Texas Czech cooking is rich and simple
and, like other ethnic cuisines, it has its emblematic dishes – sausage and
roasted meats: baked goods like kolaches, buchty and strudel;
dumplings and egg noodles; pickles and sauerkraut; soups, picnic stew, and
fried chicken; and homemade beer and wine.
There is no shortage,
especially in the last couple of years, of articles by food and travel writers
about kolaches or sausage. And there is general information about the most
common foods eaten by Czechs in books like Krasna Amerika and Sean
Gallup’s Journeys Into Czech Moravian Texas. Those books and a few
general Texas cookbooks include small sections on food that cover the basics. They talk about sausage, beef clubs,
kolaches and strudel, noodles and beer. But there is so much more to Texas Czech food. The most interesting
information lives in primary sources like oral histories, diaries, memoirs,
letters and newspaper recipe columns. To tell the full story of how Bohemian,
Moravian and Slovakian cuisine morphed into Texas-Czech cuisine, much more
research needs to be done.
Here are a few
examples of writing about foodways from primary sources like that. Notice how
each illustrates cultural history or values.

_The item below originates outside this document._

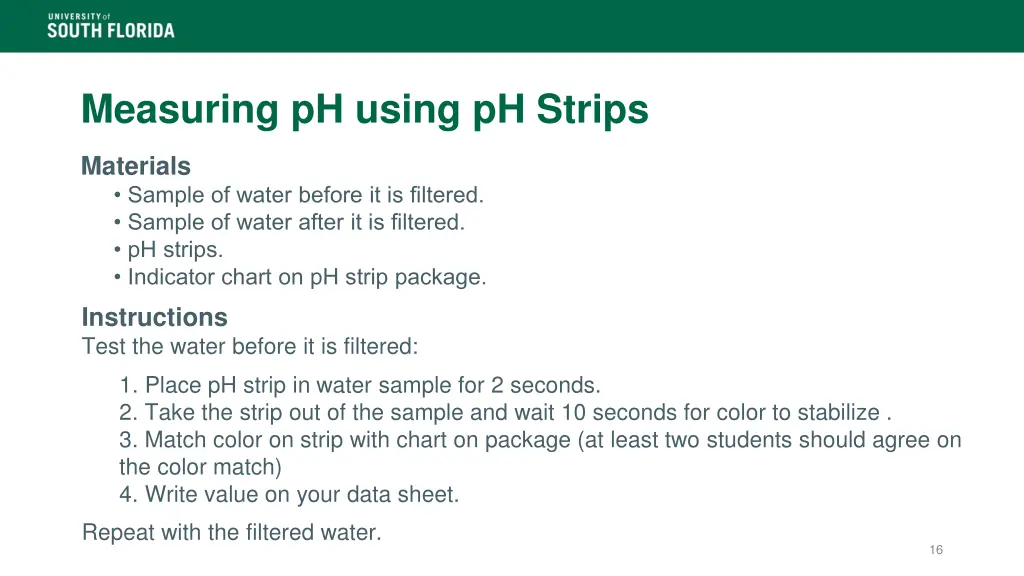 measuring ph using ph strips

The upcoming cookbook from the Texas Czech Genealogical Society has some wonderful introductions to recipes that are little gems of foodways information. Here’s one from
Danny Leshikar…. “When I was growing up, the Adamek side of my family had
several very large family reunions at my grandmother's farm in New Mexico. Family members would come from all over, but
mostly from Texas and stay for a week.
My grandmother would cook for weeks prior to their arrival and as
everyone would arrive, they would pitch in helping with cooking and other
chores. In true Adamek Family style, it
was an enjoyable week with never an argument but plenty of visiting and domino
playing. “
Robert Skrabanek’s 1988
memoir We’re Czechs describes family and farm life growing up near
Snook. In it, he writes “Another thing our entire family worked on together
was processing honey when we robbed our bees at least once each year. While
none of the Americans had bees, we Czechs saw it as another way to produce our
own food and also to makes some extra money.”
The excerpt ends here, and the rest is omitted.